No matter how you slice it, it always comes down to the homosexual act. Tobin and Martin choose to look away. But as long as the homosexual community is unwilling or unable to separate the state of temptation and the conscious choice to act on that temptation, the Church has nothing more to say.
The best thing I can say relative to Archbishop Tobin is that he is at least not in the Indianapolis Diocese any longer.
It’s disturbing, to say the least, how the “LBGT” acronym is now being bandied about in the highest places as if it’s spumoni in relation to a *vanilla* Church teaching.
Has any Catholic moral theologian given a cogent argument as to what it means to “welcome” someone who practices B[isexuality], for example, other than to direct them to the confessional?

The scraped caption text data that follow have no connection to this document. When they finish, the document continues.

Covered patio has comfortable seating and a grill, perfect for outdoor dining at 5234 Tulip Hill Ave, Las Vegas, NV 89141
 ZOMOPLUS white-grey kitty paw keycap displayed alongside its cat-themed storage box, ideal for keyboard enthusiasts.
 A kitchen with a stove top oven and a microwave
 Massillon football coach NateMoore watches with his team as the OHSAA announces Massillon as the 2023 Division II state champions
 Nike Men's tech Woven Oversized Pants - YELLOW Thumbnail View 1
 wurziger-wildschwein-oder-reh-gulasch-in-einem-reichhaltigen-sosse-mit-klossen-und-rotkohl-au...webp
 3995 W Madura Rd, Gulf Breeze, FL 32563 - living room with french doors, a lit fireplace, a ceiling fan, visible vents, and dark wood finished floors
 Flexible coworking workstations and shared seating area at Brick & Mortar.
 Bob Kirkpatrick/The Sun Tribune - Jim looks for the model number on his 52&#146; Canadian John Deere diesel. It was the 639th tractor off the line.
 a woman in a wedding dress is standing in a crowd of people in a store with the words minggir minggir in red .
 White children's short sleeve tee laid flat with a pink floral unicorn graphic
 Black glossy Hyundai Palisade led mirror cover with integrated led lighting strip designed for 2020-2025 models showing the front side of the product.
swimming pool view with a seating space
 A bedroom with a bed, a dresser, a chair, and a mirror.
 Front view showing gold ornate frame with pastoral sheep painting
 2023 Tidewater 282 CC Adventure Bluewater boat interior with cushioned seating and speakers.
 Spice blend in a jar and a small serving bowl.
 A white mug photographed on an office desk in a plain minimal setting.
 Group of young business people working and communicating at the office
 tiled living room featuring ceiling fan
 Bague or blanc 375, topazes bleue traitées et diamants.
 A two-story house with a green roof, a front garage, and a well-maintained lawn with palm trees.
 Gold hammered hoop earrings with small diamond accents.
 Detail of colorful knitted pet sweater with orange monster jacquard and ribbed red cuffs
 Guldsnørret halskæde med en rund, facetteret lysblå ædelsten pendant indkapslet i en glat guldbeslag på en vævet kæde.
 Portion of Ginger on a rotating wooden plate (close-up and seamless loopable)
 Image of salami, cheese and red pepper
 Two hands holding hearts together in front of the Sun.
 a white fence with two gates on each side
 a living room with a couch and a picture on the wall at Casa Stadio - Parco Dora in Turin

Too many prominent prelates have allowed themselves to be led into an intellectual sinkhole, unable to perceive today’s popular falsehood that opposes the clarity found in both the natural sciences and the Bible: that various and sundry sexual behaviors occur because people have/develop “identities” different from what’s evidenced by the obvious functional design of their God-given anatomies.
Perhaps the term “disordered” is not “unfortunate” but inadequate. Unnatural, irrational, hedonistic, self-destructive, are more fitting.
No one ever said that fighting for the truth would be easy.
St. Athanasius, pray for us.
Every time a member of the clergy makes a statement like this, they are effectively stating that they no longer believe in Christ, His teachings, the Bible or the Church. When it is coming from a Cardinal during Holy Week, we can be pretty assured of their lack of faith……. In this case, another of Pope Francis’s new Cardinals, it only enforces the thought that Francis too has walked away from the Lord. He can kiss all the feet he wants to, but as long as he is stacking the deck with his cadre of homosexual clergy, he cannot be believed as one who follows Christ. May the Lord have mercy upon their souls.
So I think the fundamental problem is that our Holy Father and company in their sentimentality have already ‘blessed’ contraception which opens the door to all the other sexual sins. Sex is no longer restricted to the procreative act.
Who is really surprised that Cardinal “Nighty Night Baby” Tobin does not believe same sex relationships are intrinsically disordered?
Nighty night baby!!! Give me a break. This is no Roman Catholic Bishop. Man of no faith. The Sodomy is an Act Of pure lust..please. Remove him from the priesthood. I am worried.
This is why faithful Catholics are leaving; some to Orthodoxy; others to evangelical churches. This cardinal along with other cardinals and bishops, and Pope Francis, are destroying the Church for this generation and the upcoming generation.
Could there be anything more hurtful, harmful, and demeaning, than identifying persons according to sexual desire/inclination/orientation in order to justify the engaging in of sexual acts that are hurtful, harmful, and demeaning no matter who is engaging in said acts, including a man and woman united in marriage as husband and wife? How can identifying persons according to sexual desire/inclination/orientation justify the engaging in of sexual acts, that by their very nature deny the inherent Dignity of the human person as a beloved son or daughter? How could anyone who Loves their child, dismiss the physical, psychological, emotional, and spiritual harm, that occurs, when engaging in demeaning sexual acts, that can never serve for the Good of one’s beloved or oneself? Apathy is always the result of a failure to Love; what is unfortunate is how apathetic a multitude who profess to be followers of The Christ have become because they no longer believe that Christ’s teaching in regards to sexual morality, serves out of respect for the inherent Dignity of all persons.